AUSTIN — The fight to protect Texas children against disfiguring medical operations is culminating in the Texas House of Representatives during the final days of the state legislative session.
On Monday, the Texas Senate approved Senate Bill 1311, which would prohibit medical professionals from performing mutilating procedures on minors, such as cutting off healthy body parts or administering sterilizing cross-sex hormones.
The bill also prohibits insurance providers from funding such operations and would revoke the medical licenses of physicians who engage in them.
“The Texas Medical Board or another state regulatory agency with jurisdiction over a health care provider … shall revoke the license, certification, or authorization of a physician or health care provider who the board or agency determines has violated that section,” the bill reads.
“I think we have a responsibility for protecting children. … I think our job is to protect those who can’t protect themselves,” said the bill’s author, State Sen. Bob Hall (R–Edgewood).
The overall issue of child mutilation has taken a recent national spotlight with the case of James Younger, a 9-year-old Dallas-area boy whose mother wanted to force him—against his father’s wishes—to take sterilizing drugs and eventually castrate him. Texas Scorecard recently produced a featured story on James.
In the halls of the state Capitol, however, the fight to protect James and countless other Texas children has been halted thus far by Republican House representatives.
Though the Republican-controlled Texas Senate has now approved SB 1311—as well as Senate Bill 1646, which would classify similar disfiguring operations as child abuse—the Republican-controlled Texas House has already stalled or killed several child protection bills.
Specifically, State Rep. Dustin Burrows (R–Lubbock), chairman of the powerful Calendars Committee, and State Rep. Stephanie Klick (R–Ft. Worth), chairwoman of the Public Health Committee, have refused to push SB 1646 or similar child protection laws forward in the legislative process despite citizen outcry, the Texas GOP prioritizing these protections, and top state officials recently joining the fight.
Last week, Burrows placed a similar bill (House Bill 1399) at the end of a long legislative calendar just before a legislative deadline, effectively killing that proposed law.
“I keep asking myself: Why do we have to work this hard to get our elected officials to protect children in this state?” said James Younger’s father, Jeff, in a recent interview with Slaton.
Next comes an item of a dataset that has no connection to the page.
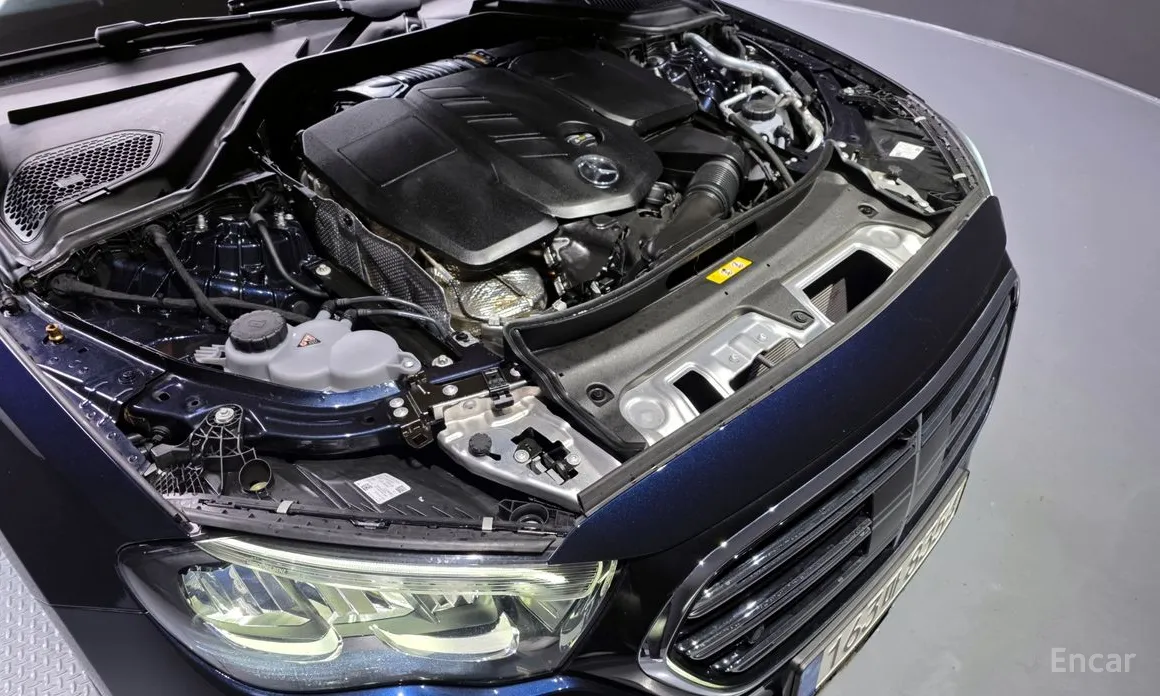 Mercedes-Benz E-Class 2024 E220d 4MATIC Exclusive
“When you’re a father and your son is facing physical castration, chemical castration at a gender clinic, it feels like the Republican Party in the state of Texas has abandoned your child to the most horrible fate,” Younger concluded. “So, please call Chairman Klick. Tell her to get this Senate bill out. … Be respectful, but be firm.”
With the Senate’s approval of SB 1311 on Monday, on top of SB 1646, they have given the House two primary opportunities to pass these protections into law. But the clock is ticking, as lawmakers have only 13 days left in the legislative session.